Remix clone Hacker News

new | show | ask | jobs Github

	▲	_pdp_ 2 hours ago
		On EU data sovereignty: The OP is right. For that reason we started migrating all of our cloud-based services out of USA into EU data centers with EU companies behind them. We are basically 80% there. The last 20% remaining are not the difficult ones - they are just not really that important to care that much at this point but the long terms intention is a 100% disconnect. On IDV security: When you send your document to an IDV company (be that in USA or elsewhere) they do not have the automatic right to train on your data without explicit consent. They have been a few pretty big class action lawsuits in the past around this but I also believe that the legal frameworks are simply not strong enough to deter abuse or negligence. That being said, everyone reading this must realise that with large datasets it is practically very likely to miss-label data and it is hard to prove that this is not happening at scale.
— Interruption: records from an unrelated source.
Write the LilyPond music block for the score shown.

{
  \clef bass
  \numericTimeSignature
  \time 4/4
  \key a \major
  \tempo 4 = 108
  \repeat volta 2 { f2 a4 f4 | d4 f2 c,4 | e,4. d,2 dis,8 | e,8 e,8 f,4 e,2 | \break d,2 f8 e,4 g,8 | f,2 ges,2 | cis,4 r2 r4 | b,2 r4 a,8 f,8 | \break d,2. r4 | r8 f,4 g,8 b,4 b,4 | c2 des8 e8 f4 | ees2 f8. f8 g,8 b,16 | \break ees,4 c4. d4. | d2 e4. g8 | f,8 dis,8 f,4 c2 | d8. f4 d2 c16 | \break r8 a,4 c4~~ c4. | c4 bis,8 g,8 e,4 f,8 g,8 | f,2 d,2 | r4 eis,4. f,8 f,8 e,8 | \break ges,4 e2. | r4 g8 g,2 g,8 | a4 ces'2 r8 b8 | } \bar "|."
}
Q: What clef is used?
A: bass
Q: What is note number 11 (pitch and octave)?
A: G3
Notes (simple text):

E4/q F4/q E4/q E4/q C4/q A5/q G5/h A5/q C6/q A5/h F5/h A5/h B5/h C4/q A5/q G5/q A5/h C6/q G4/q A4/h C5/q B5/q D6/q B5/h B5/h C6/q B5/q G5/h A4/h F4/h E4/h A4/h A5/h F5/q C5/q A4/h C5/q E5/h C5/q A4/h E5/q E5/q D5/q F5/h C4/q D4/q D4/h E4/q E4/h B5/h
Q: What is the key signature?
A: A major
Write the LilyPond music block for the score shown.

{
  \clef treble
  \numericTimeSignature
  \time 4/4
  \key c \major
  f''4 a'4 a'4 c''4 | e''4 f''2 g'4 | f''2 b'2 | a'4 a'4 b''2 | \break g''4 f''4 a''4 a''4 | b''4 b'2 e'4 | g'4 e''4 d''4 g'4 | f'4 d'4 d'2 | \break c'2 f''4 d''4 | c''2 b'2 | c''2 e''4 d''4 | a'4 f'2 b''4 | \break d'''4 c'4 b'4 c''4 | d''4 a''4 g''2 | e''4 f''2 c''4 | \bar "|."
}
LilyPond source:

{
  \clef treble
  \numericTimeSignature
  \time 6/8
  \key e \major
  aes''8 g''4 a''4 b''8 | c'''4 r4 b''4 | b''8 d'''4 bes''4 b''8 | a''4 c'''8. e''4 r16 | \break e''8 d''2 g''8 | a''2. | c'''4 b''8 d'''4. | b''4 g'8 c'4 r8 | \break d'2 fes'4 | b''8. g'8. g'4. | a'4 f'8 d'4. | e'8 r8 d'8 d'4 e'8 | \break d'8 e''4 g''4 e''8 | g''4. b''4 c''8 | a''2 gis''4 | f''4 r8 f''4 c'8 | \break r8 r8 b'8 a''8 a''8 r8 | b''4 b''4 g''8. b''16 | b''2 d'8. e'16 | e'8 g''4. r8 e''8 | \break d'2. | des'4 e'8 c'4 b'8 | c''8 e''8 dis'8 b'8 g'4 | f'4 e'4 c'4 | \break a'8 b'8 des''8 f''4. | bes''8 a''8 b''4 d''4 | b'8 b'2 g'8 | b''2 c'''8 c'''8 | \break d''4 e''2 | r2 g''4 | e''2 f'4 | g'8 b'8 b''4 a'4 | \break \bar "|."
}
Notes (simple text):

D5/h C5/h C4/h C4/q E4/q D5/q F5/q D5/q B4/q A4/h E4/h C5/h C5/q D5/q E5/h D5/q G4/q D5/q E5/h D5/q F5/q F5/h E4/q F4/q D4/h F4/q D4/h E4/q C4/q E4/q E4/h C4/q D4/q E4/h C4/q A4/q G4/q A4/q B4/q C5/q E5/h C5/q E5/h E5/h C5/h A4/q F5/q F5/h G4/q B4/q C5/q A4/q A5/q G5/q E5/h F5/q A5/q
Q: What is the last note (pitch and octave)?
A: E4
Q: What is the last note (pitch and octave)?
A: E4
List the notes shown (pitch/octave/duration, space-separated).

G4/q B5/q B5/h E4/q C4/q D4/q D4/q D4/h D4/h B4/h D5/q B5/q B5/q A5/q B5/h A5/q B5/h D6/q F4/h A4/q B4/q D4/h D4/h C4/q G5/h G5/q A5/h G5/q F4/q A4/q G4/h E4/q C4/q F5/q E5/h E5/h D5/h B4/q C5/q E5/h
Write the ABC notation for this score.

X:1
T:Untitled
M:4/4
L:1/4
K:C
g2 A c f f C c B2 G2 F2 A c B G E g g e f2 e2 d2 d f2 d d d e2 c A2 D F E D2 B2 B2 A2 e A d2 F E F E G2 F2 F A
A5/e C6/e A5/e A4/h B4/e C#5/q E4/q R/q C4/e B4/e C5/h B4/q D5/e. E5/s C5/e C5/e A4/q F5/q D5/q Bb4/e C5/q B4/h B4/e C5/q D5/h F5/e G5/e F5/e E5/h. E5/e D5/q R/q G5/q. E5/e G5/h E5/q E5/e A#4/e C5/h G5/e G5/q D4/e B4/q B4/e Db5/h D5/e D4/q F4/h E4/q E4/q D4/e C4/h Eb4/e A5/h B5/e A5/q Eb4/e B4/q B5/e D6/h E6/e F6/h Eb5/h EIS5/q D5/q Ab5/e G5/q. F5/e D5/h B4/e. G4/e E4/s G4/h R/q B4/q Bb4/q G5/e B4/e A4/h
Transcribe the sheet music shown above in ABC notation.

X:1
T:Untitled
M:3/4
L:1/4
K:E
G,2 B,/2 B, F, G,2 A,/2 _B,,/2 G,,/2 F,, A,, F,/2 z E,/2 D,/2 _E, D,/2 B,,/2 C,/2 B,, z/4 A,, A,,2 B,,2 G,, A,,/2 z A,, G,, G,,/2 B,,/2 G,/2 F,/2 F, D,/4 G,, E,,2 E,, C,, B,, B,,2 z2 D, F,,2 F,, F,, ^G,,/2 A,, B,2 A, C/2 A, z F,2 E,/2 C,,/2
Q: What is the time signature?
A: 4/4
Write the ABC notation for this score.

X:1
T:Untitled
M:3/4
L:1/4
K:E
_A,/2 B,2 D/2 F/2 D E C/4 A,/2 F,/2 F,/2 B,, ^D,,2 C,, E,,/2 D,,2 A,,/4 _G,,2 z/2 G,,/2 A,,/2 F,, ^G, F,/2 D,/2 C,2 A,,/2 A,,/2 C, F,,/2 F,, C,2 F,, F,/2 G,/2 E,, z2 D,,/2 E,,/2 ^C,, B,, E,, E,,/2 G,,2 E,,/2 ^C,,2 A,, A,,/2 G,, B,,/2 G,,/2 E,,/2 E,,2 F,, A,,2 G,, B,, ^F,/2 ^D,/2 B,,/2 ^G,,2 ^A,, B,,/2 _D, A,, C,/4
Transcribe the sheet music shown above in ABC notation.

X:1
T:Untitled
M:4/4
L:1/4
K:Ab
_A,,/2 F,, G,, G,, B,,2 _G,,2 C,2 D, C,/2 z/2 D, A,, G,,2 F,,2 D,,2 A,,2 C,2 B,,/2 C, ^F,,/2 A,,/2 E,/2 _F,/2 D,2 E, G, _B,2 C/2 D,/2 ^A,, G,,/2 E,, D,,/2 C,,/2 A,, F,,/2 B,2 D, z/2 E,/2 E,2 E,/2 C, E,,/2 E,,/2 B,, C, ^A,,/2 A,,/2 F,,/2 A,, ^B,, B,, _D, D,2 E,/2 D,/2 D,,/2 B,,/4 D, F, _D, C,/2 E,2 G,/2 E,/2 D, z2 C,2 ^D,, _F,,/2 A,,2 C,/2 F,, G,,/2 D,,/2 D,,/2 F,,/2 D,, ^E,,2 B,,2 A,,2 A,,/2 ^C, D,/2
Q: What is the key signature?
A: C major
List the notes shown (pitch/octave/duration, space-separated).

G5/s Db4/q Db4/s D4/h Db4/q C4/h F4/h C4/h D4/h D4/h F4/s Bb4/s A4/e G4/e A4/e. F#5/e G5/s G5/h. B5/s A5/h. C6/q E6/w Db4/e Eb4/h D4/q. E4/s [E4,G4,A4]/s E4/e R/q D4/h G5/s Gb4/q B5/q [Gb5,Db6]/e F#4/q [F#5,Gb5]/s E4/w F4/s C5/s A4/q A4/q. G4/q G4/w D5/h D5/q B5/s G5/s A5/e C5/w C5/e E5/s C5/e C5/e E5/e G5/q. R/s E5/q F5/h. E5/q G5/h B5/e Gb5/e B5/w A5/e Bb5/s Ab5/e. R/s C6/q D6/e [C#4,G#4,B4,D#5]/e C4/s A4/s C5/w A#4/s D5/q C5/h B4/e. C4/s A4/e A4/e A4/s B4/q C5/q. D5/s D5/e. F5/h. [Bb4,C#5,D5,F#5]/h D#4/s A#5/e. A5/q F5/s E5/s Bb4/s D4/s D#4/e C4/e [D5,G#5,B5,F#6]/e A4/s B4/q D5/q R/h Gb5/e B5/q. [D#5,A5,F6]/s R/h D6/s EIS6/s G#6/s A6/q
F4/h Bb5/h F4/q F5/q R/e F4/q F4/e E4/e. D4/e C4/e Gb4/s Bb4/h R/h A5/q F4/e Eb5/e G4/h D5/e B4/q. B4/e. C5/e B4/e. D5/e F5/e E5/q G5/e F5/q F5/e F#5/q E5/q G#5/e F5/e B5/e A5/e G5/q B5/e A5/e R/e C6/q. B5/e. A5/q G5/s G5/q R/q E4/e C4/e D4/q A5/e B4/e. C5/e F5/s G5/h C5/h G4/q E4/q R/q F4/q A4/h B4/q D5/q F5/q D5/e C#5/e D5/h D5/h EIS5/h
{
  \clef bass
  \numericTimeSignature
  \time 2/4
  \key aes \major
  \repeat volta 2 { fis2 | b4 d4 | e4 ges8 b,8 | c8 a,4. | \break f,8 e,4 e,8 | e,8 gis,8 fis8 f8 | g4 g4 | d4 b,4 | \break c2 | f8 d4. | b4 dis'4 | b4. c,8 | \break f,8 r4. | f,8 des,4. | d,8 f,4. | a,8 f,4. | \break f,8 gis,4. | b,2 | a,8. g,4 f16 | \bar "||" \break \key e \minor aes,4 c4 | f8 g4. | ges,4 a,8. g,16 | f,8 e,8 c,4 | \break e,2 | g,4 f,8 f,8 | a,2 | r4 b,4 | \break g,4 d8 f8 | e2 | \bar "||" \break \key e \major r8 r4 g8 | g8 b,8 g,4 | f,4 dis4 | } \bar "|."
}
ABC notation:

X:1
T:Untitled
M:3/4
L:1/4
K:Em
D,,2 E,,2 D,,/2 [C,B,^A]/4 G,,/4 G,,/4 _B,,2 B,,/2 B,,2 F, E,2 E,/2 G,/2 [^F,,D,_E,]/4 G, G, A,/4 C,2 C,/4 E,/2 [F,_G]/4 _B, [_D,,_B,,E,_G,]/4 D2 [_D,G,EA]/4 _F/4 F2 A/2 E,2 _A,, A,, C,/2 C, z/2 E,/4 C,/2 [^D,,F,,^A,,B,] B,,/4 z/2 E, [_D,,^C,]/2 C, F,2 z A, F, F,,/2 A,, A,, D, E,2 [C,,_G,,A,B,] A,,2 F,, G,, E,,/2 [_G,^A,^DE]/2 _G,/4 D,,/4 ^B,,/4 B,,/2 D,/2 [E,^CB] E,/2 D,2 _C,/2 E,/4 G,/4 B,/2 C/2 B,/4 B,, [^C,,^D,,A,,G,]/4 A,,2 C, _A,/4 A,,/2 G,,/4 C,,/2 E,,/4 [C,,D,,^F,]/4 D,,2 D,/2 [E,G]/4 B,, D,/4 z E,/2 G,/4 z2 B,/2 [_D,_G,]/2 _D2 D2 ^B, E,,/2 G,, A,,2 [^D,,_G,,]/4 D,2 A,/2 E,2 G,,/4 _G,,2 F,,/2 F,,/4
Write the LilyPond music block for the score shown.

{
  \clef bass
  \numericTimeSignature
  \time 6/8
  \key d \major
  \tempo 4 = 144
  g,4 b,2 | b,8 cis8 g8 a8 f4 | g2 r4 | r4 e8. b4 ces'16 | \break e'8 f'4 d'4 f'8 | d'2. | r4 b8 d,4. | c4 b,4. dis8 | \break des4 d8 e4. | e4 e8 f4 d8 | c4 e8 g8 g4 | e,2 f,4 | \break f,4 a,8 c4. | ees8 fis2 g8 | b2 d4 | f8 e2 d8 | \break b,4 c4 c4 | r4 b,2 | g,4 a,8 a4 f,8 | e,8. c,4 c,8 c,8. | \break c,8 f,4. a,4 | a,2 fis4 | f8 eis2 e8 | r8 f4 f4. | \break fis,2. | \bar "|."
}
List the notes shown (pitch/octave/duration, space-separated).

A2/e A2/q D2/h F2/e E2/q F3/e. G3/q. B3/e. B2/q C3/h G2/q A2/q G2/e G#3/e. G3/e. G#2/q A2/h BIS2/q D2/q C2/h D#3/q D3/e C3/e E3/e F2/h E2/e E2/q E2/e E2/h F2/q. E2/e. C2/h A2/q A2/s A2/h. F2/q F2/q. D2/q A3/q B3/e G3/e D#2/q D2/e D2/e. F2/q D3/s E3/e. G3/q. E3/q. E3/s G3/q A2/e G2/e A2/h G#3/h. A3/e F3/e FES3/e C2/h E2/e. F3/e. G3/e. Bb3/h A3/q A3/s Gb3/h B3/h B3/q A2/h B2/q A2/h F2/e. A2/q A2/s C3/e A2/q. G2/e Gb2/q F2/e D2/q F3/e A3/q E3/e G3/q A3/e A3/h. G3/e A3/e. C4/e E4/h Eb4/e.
At the end of the day it will be a query running against a database and with huge volumes it might catch more than it should. Once the data is selected for training and trained on, it is impossible to undo the damage. You can delete the training artefact after the fact of course but the weights of the models are already re-balanced with the said data unless you train from scratch which nobody does. I think everyone should assume that their data, be that source code, biometrics, or whatever, is already used for training without consent and we don't have the legal frameworks to protect you against such actions - in fact we have the opposite. The only control you have is not to participate.